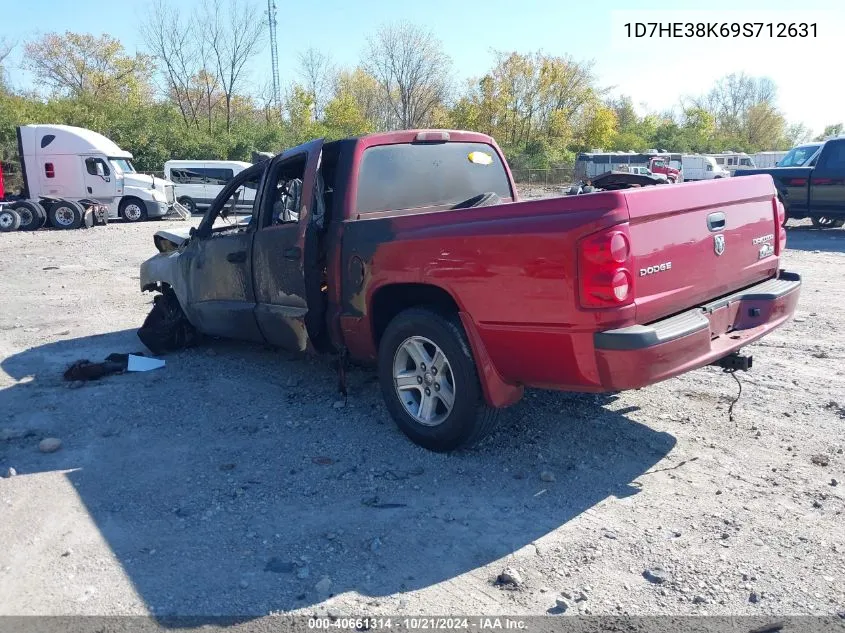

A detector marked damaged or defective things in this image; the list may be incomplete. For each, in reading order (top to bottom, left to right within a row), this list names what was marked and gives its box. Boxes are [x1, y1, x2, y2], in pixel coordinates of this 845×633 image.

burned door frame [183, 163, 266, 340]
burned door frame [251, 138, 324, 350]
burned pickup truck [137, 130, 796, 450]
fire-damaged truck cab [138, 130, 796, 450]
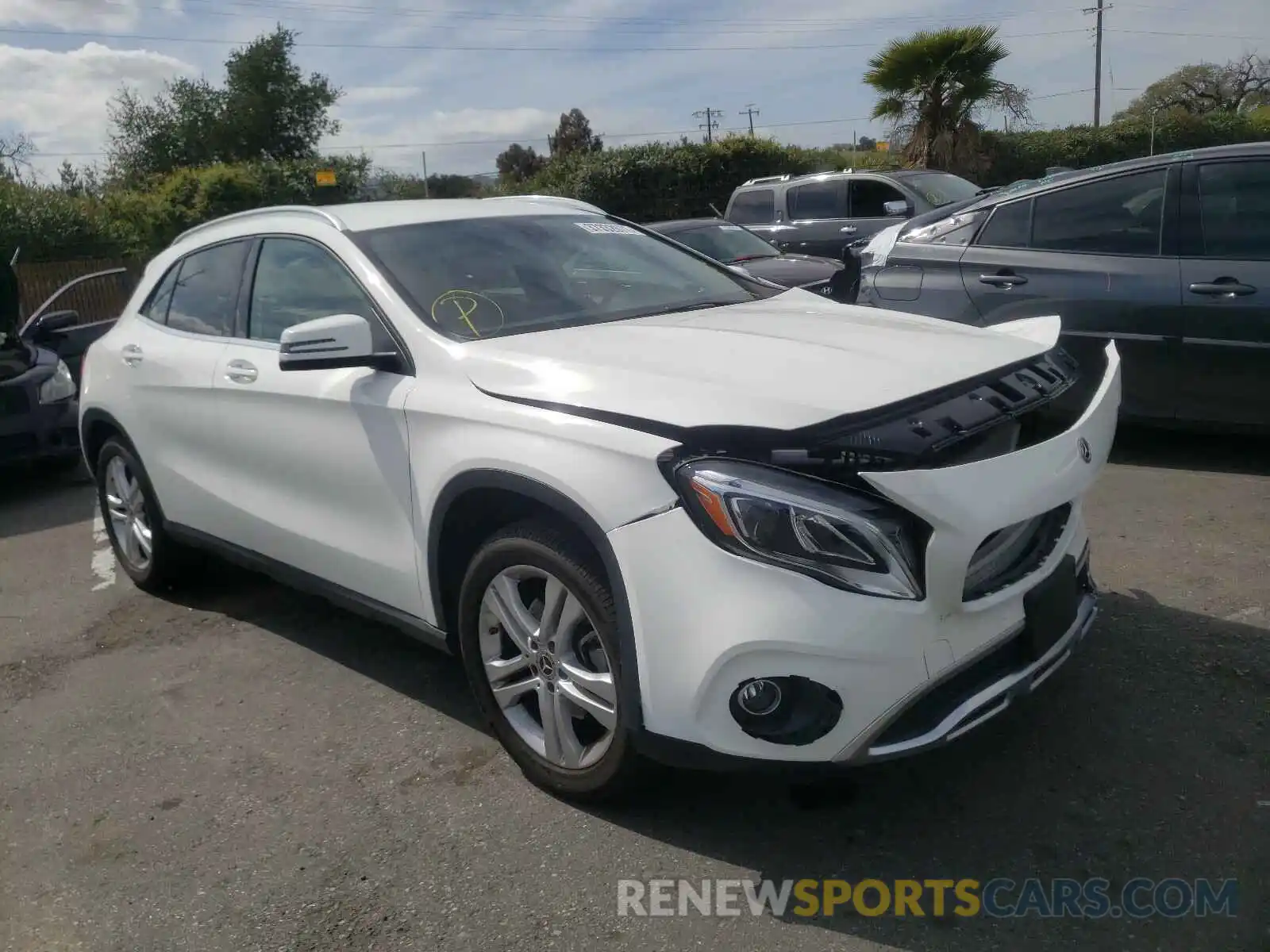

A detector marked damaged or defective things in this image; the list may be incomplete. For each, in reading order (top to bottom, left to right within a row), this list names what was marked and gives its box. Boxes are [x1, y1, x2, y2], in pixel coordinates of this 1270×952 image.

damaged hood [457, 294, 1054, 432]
--
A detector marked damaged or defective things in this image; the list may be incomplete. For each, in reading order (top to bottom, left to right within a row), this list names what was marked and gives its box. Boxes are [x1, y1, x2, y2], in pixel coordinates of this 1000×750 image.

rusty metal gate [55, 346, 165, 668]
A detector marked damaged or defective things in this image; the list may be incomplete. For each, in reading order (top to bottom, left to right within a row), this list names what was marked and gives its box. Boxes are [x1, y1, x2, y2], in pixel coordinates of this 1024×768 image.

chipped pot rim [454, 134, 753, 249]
---
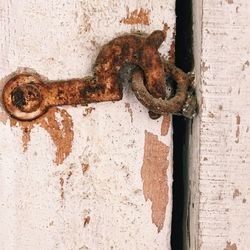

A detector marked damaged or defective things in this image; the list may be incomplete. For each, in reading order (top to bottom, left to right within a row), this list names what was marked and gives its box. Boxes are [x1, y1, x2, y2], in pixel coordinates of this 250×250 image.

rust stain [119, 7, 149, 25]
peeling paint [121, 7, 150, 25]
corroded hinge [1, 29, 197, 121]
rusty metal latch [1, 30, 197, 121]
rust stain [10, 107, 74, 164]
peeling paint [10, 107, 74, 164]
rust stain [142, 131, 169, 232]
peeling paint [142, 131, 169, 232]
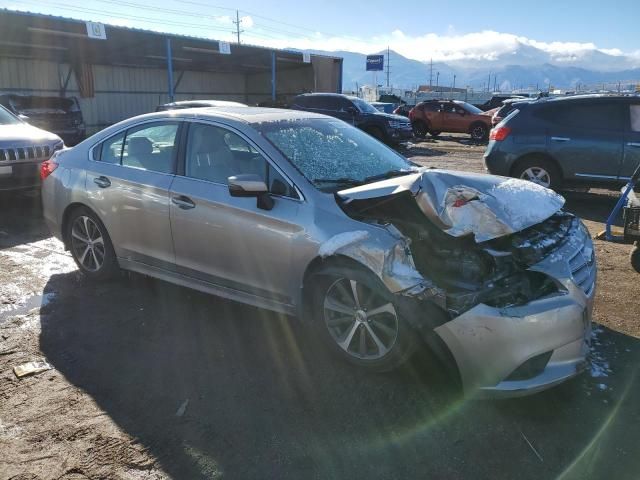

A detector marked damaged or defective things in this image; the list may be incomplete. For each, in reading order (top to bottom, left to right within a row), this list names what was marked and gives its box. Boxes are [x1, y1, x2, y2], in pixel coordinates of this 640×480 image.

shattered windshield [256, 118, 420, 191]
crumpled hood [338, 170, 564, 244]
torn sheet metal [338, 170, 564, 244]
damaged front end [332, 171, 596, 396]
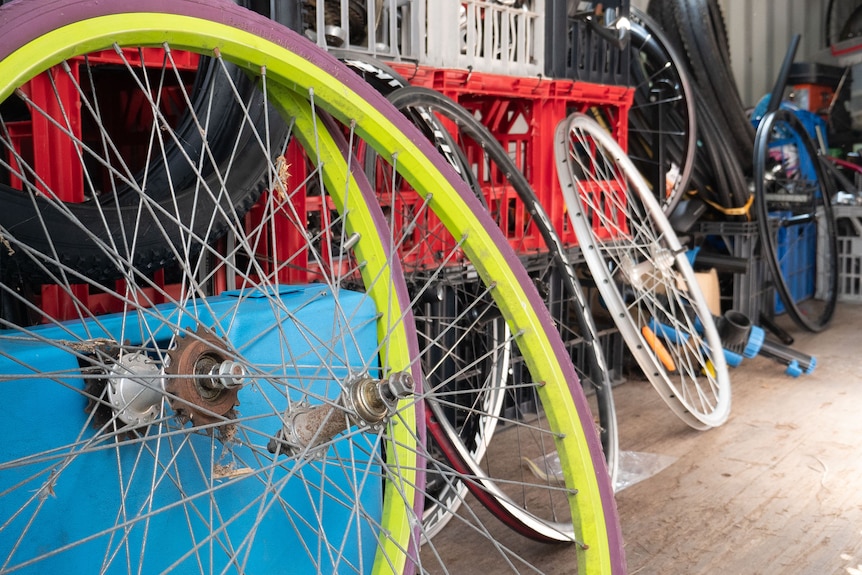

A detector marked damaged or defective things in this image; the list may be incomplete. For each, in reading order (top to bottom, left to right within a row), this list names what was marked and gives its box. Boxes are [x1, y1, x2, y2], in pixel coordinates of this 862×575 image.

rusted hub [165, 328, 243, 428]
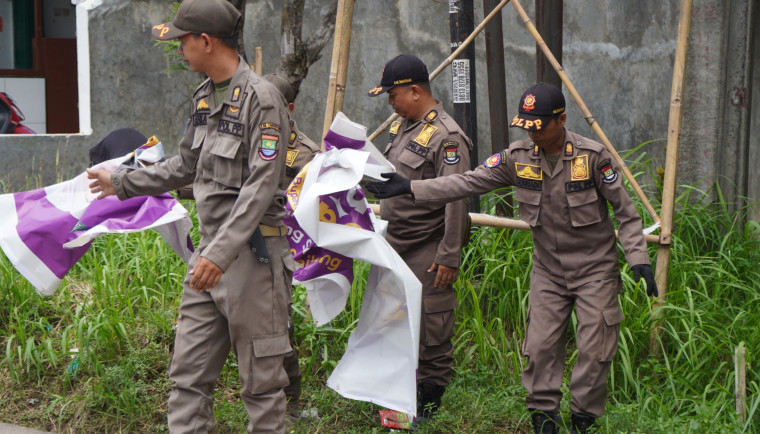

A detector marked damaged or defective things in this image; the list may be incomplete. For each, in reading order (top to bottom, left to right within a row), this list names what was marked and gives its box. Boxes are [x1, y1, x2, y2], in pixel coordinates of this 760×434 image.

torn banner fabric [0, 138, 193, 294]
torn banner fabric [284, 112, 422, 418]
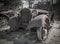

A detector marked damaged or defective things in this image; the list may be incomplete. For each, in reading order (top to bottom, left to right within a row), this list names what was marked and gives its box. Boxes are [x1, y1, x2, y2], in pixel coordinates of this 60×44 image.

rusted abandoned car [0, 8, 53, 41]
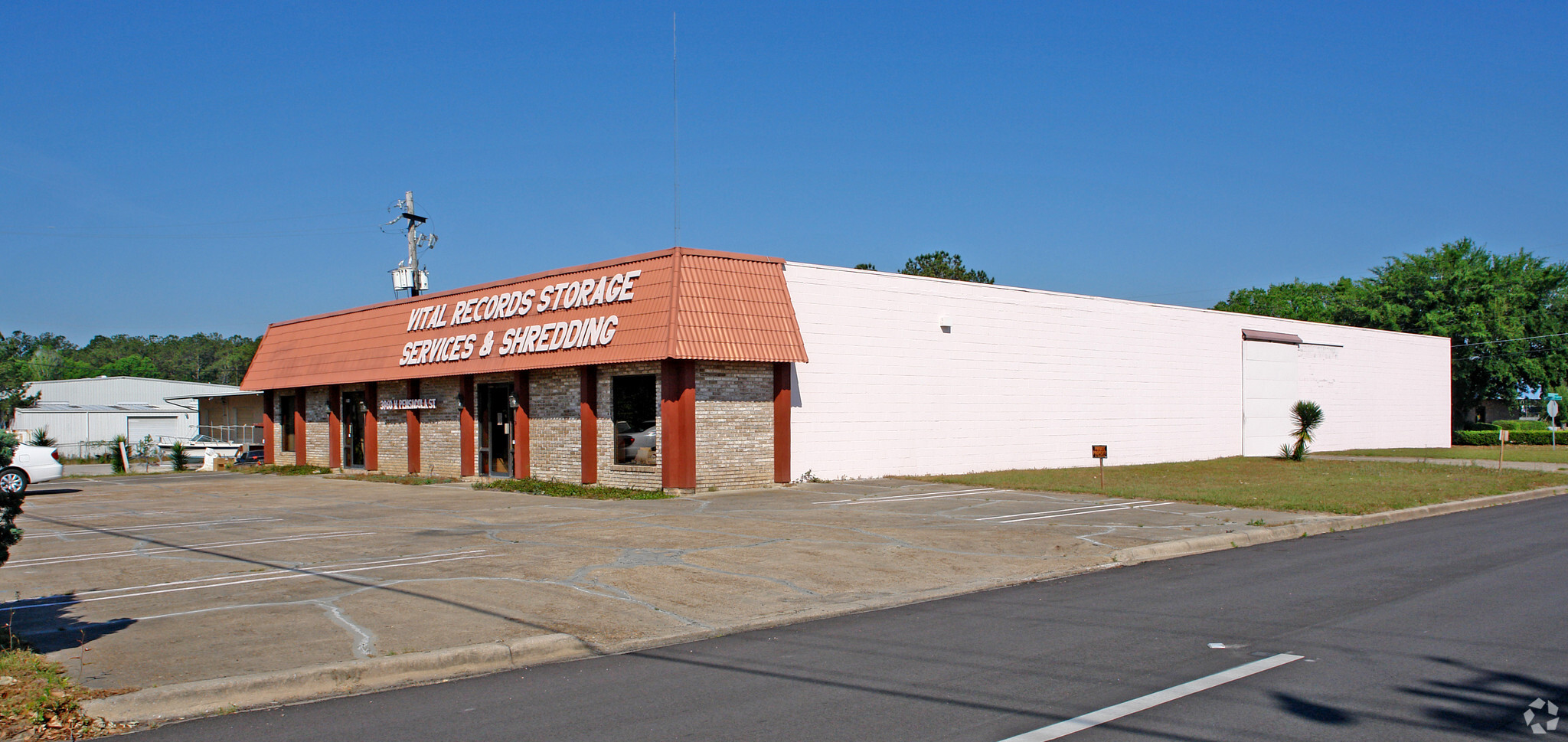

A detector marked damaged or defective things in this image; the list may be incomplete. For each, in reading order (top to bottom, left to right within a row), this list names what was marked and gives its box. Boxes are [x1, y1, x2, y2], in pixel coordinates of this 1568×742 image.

◆ **PROBLEM TO SOLVE**: Output exactly the lines above, beginning at the one with "this 60×44 image." and stopping after the one with "this 1568×742 image.". Pictures are to be omitted.

◆ **EXERCISE OUTPUT**:
A detector marked damaged or defective things in this image; the list may be incomplete. For each, in reading order (top to bottom, left to right within a row), this list names what was marked and gives its box. Boxes are [x1, y1, x2, y2], in pixel coordinates of this 60×44 image.

rusted abandoned car [0, 8, 53, 41]

A detector marked damaged or defective things in this image; the list may be incomplete. For each, in reading order (top to bottom, left to right within a row), this list names what was marked and gives its box. Boxes are [x1, y1, x2, y2], in pixel coordinates of this 1568×742 image.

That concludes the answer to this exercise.